- [Data shown]
========================================

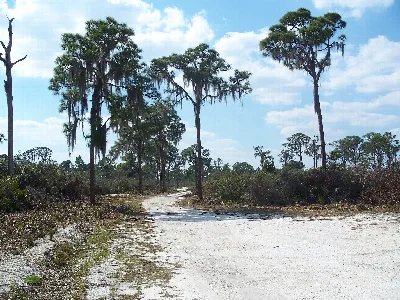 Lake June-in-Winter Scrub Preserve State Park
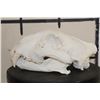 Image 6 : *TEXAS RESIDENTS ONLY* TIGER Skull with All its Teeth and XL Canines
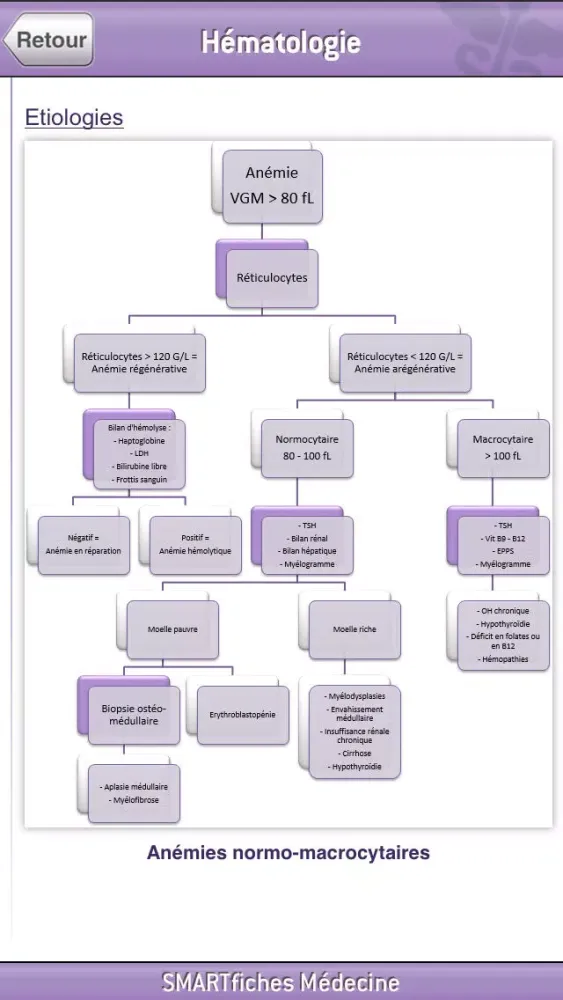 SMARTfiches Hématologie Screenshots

========================================

- [Problem description]
Please return the material above unchanged, with every picture removed.

- [Exercise response]
 Lake June-in-Winter Scrub Preserve State Park
 Image 6 : *TEXAS RESIDENTS ONLY* TIGER Skull with All its Teeth and XL Canines
 SMARTfiches Hématologie Screenshots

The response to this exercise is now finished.